=== Begin Enclosure ===
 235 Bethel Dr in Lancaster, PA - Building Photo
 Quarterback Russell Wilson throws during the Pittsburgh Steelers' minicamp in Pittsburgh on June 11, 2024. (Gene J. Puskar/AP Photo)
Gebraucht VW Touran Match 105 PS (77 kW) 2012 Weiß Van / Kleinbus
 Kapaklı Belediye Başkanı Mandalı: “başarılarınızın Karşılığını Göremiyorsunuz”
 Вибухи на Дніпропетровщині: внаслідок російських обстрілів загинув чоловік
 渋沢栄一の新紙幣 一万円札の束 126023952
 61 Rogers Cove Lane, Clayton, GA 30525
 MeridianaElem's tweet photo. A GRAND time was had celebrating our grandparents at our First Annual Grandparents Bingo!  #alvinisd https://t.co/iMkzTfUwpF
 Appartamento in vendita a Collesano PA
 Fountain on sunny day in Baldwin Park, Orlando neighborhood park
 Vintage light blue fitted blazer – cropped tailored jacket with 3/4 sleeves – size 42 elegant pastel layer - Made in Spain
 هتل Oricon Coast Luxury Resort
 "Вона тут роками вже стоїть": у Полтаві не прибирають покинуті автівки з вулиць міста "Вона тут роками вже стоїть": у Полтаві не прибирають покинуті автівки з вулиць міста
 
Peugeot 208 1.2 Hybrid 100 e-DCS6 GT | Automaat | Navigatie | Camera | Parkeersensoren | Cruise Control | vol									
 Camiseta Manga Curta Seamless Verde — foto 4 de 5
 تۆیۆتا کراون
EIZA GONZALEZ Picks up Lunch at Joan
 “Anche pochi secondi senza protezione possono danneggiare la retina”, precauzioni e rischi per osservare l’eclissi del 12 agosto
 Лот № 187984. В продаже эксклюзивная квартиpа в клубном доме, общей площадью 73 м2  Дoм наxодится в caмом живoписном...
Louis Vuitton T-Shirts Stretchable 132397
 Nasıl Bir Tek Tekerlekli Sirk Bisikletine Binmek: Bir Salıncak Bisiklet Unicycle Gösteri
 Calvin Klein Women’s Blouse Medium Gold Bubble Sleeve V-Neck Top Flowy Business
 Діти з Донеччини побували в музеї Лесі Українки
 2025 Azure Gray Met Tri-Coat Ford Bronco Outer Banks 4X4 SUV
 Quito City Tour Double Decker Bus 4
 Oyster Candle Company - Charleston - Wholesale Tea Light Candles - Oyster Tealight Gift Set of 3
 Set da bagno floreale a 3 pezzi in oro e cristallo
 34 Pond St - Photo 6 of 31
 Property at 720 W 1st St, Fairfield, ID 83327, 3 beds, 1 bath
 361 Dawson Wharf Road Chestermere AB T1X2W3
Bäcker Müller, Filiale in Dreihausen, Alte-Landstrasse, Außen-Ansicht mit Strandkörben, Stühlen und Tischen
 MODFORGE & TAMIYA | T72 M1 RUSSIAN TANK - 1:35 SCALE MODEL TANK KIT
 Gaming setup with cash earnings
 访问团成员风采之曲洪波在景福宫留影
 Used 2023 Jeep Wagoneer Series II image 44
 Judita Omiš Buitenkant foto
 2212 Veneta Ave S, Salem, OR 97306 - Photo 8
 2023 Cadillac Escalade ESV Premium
=== End Enclosure ===
TASK DESCRIPTION »
Check each line of the data above for the word "with" and copy the ones where it is found.

EXPECTED ANSWER »
 Vintage light blue fitted blazer – cropped tailored jacket with 3/4 sleeves – size 42 elegant pastel layer - Made in Spain
 Gaming setup with cash earnings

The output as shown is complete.